Yes, there’s a basic voyeurism at play here – which is no surprise as the entire Internet seems to be built on it. But this voyeurism runs far deeper than your basic porn site, celebrity gossip site, or user-generated forum (like this one). The new voyeurism extends beyond mere curiosity and nearly forces us to contemplate our own happiness by comparing ourselves to others.
“Vantage Capital Partners” – wow, sounds like that guy probably makes more than I do.
“Cherry Hills, NJ” – wow, I guess he’s got a nicer house, too.
Then you click on the photos, and start browsing through – is he/she married? If so, is his/spouse attractive? Are their kids attractive? Do they look happy together? What’s their relationship status?

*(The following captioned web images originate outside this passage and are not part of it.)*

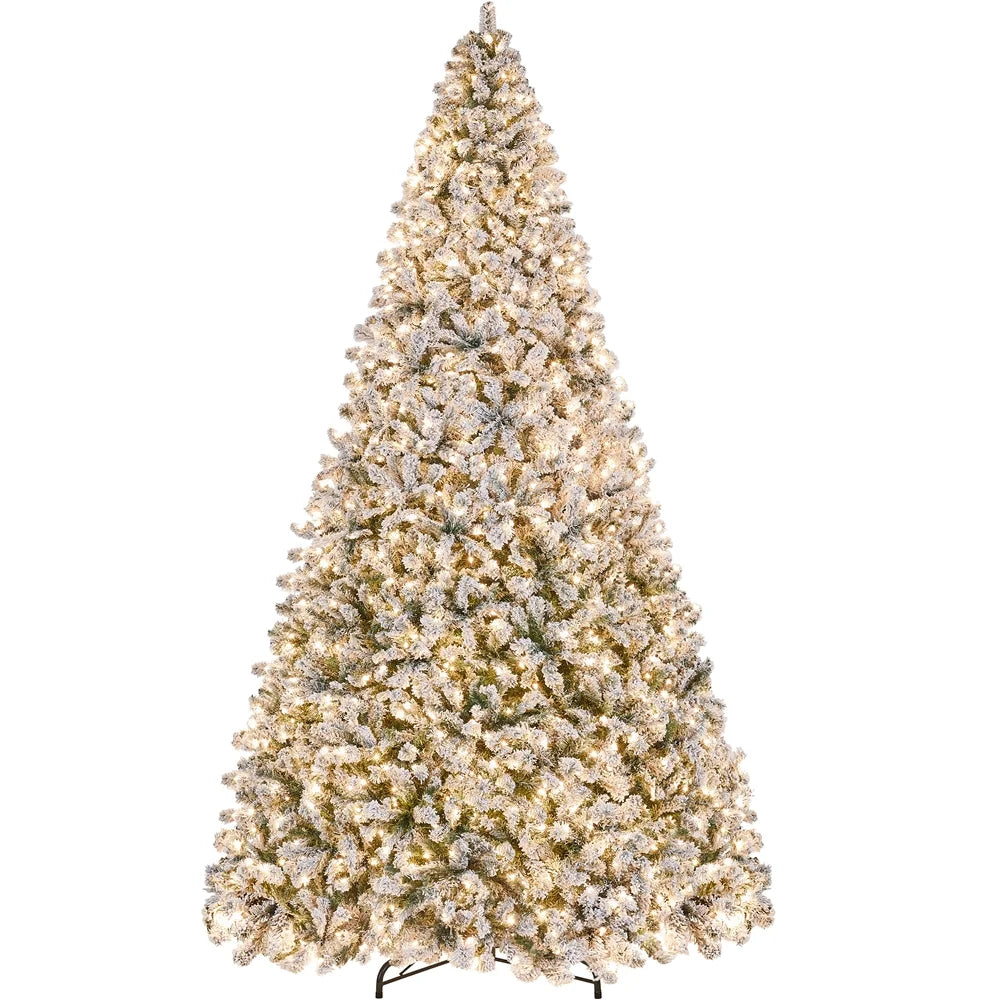 4.5 Ft Pre-Lit Flocked Christmas Tree with Warm Lights, Frosted White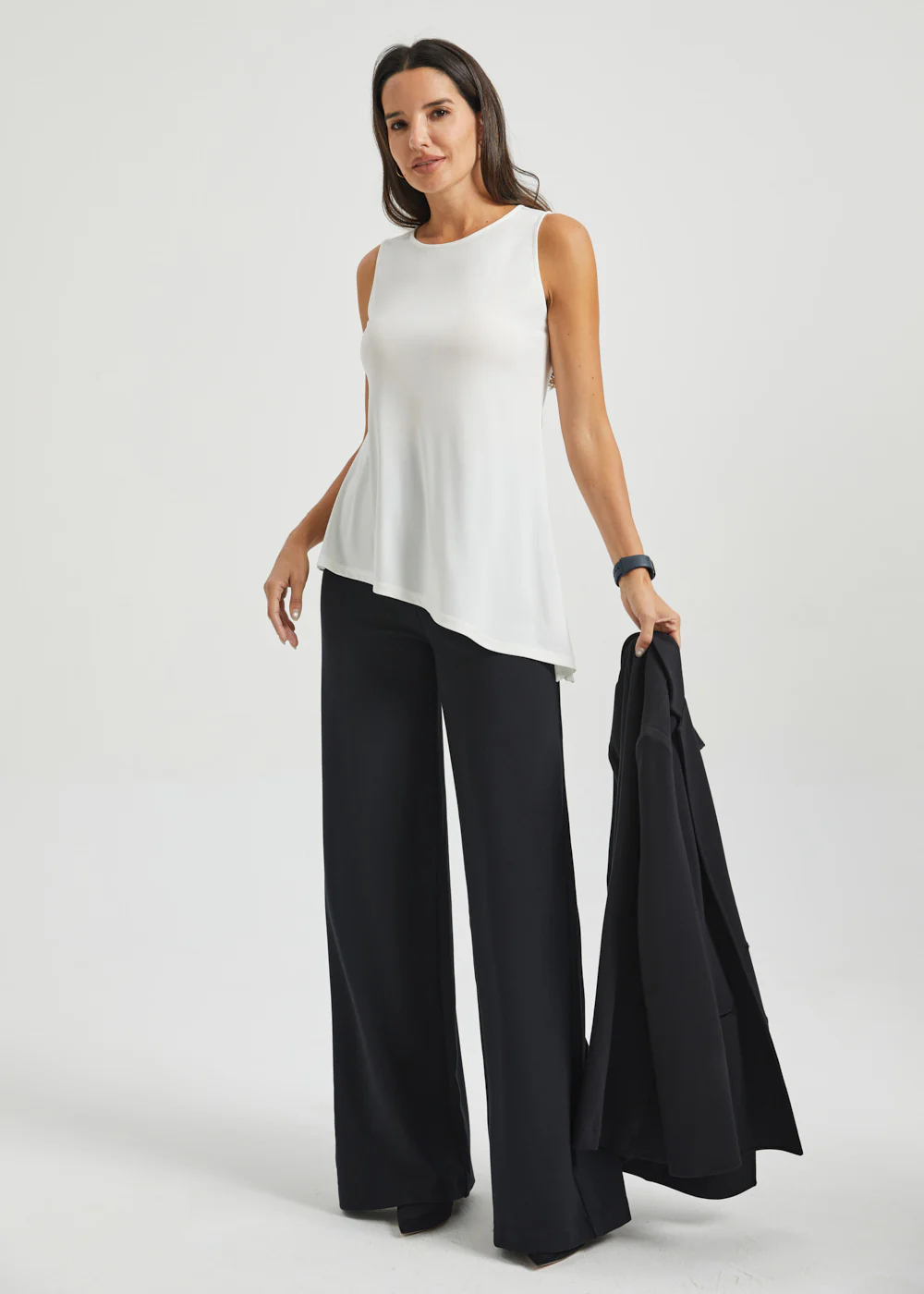 Asymmetrical Hem Sleeveless Tunic | Matte Jersey (Ivory) - Image 7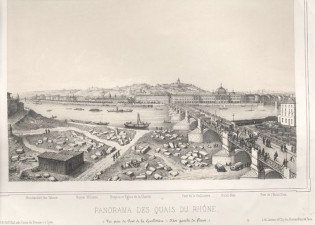 Panorama des quais du rhone. Vue prise du pont de la Guillotière-rive gauche du fleuve. Milieu du 19e siècle. Musée Gadagne 3013.11.jpg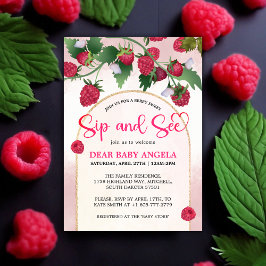 Hallon Sweet Watercolor Baby Shower Sip och se Inbjudningar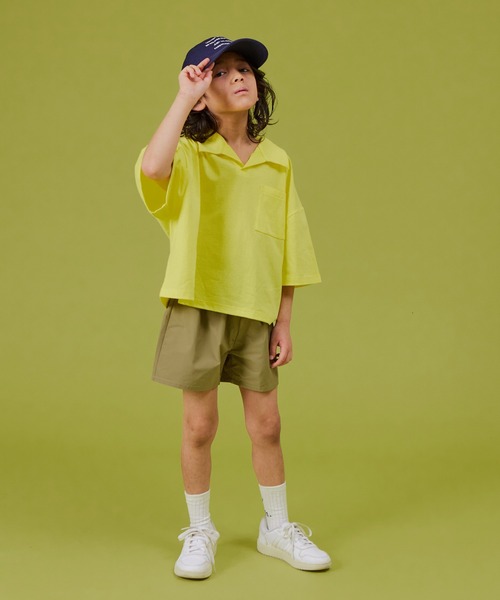 PAIRMANON STREET（ペアマノンストリート）の「【PAIRMANON STREET】無地 スキッパー 半袖 Tシャツ 異素材 セットアップ（セットアップ・キッズ・ブルー系その他/イエロー/ベージュ系その他/ブラック系その他・90/100/150/110/140/130/120）」の15枚目の写真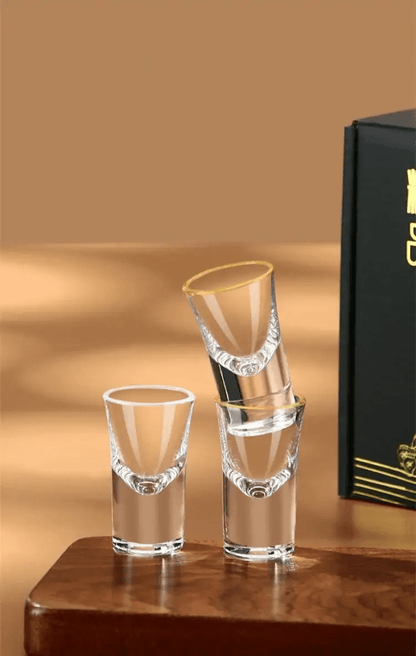 Classic Crystal Shot Glasses Set Gift Box - Vintage & Trendy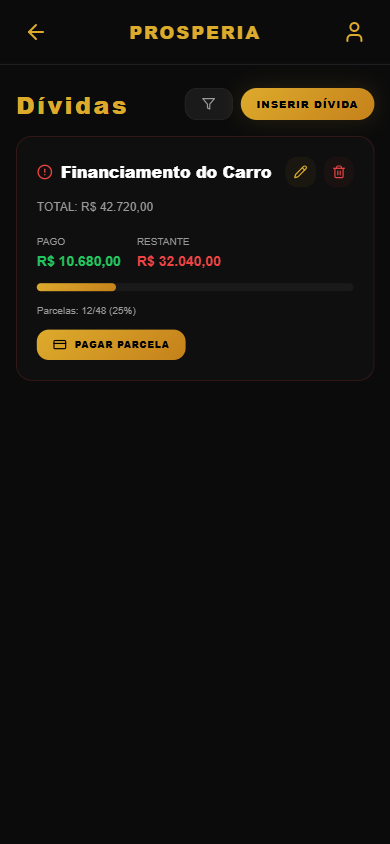 Tela de Dívidas do app Prosperia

And while I’m not actively or passively looking for anyone, as an experienced online dater, I can see how very easy it is to tell yourself stories – pure fictional stories – based on what you can infer from a limited portrait of someone else’s life.
If you’re dissatisfied and lonely in your relationship, the pull of your high school crush – who appears to be newly divorced on Facebook – may be the very impetus you need to test the waters of infidelity.
You remember the connection you had, you write a few ambiguous, then flirtatious emails, then, the next thing you know, you’re embroiled in an emotional email affair based on projection, need and fantasy. Cue Mark Sanford’s music.
The problem, as I see it, is twofold.
First, there’s the immediate accessibility to everyone you’ve ever met. In the past, you had a thing for someone, they disappeared from your life forever. You might have a “what if” lingering in your mind, but it was impractical to act on it. These days, every “what if” can be answered with a “let’s see”. If I want to find my sixth grade girlfriend in Florida, I can do just that – and know a lot more about her than I know about some stranger on JDate.
The second problem is the falseness of the medium. We make two faulty assumptions on Facebook: that other people are happier than we are, and that if we only connected with those idealized people, we would be happy, too. Of course, reality tells us a different tale, but to someone who is dissatisfied in life and love, it seems like a dreamy goal.
We make two faulty assumptions on Facebook: that other people are happier than we are, and that if we only connected with those idealized people, we would be happy, too.
Finally, the acceptability of the medium makes it ubiquitous, and, therefore, dangerous. It’s not chat rooms, it’s not Ashley Madison, it’s not singles bars – it’s connecting with old friends! You can see what an alibi – and slippery slope – that can become.